Reputation: 3869
I'm implementing a toy project to learn C and I have a seemingly simple question about unsigned type conversion rules.
In particular, I would like to know if the C standard expects unsigned types converted to smaller unsigned types to simply lose their most significant bits without using any bitmask.
Example: 0xABC (16 bit) -> 0xBC (8 bit)
Example code (Shared link):
#include <stdint.h>
#include <stdio.h>
void print_small_hex_value(uint8_t value) {
printf("Small hex value from function: %llx\n", value);
}
int main()
{
uint64_t large_value = 0xABCDEFABCDEFABCD;
printf("Large hex value: %llx\n", large_value);
uint8_t small_value = large_value; /* without bit mask */
printf("Small hex value: %llx\n", small_value);
uint8_t small_value_masked = large_value & 0xFF; /* with bit mask */
printf("Small hex value masked: %llx\n", small_value);
printf("\n");
print_small_hex_value(large_value); /* print from function */
print_small_hex_value(large_value & 0xFF);
print_small_hex_value(small_value);
}
Output:
Large hex value: abcdefabcdefabcd
Small hex value: cd
Small hex value masked: cd
Small hex value from function: cd
Small hex value from function: cd
Small hex value from function: cd
It seems to me that the “magical” conversion works even without bit masks.
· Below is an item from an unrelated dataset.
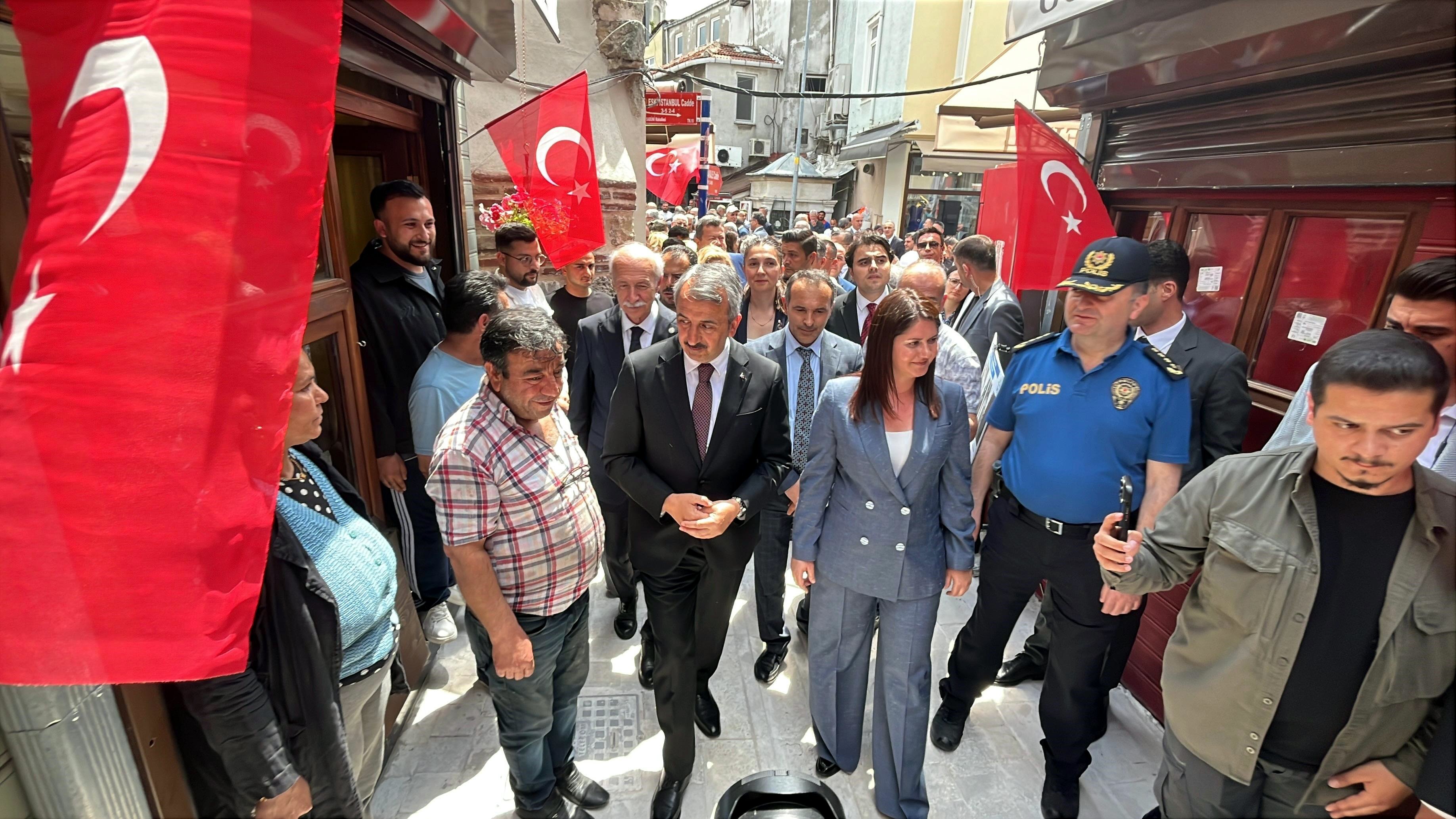 Terziciler Çarşısı esnafı ve ziyaretçiler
So, why many codebases (i.e., CPython) force the bits through bit masking (a.k.a. value & 0xFF
)?
Is simply later elided by compilers if not necessary? Is it just me not noticing that in these cases, you are really dealing with signed integers?
What's the difference if the larger value (i.e., uint64_t
) is passed as an uint8_t
parameter or stored in an uint8_t
variable? Are the two cases treated differently by compilers?
Can someone point to a trusted source on this matter (like C standard)?
Upvotes: 4
Views: 100
Reputation: 214770
Regarding the trusted sources/C standard part:
How do we know that a conversion takes place?
You didn't force an explicit conversion with a cast in your example, you just wrote uint8_t small_value = large_value;
. So an implicit conversion happened here - how can we tell that this would happen? This is the assignment operator, so we got to dig up the rules for that one. C17 6.5.16.1:
The type of an assignment expression is the type the left operand would have after lvalue conversion.
/--/
In simple assignment (=
), the value of the right operand is converted to the type of the assignment expression and replaces the value stored in the object designated by the left operand.
Okay that's not very helpful. We can tell that a conversion will take place, and that the conversion will happen "to the type the left operand would have after lvalue conversion". Okaaay, so we dig up lvalue conversions next, C17 6.3.2.1:
An lvalue is an expression (with an object type other than void) that potentially designates an object
/--/
"Except when..." (long list of exceptions here)
"...an lvalue that does not have array type is converted to the value stored in the designated object (and is no longer an lvalue); this is called lvalue conversion. If the lvalue has qualified type, the value has the unqualified version of the type of the lvalue."
Ok this is just gibberish for anyone but C "language lawyers". What this means in plain English is that during assignment the right operand is converted to the type of the left operand and in case the right operand happened to be something like const int
(a "qualified type"), then const
is discarded (from the right operand of =
) before the conversion.
So in this case, uint64_t
is implicitly converted to uint8_t
, as guaranteed by the rules of the assignment operator.
What are the rules for the actual conversion?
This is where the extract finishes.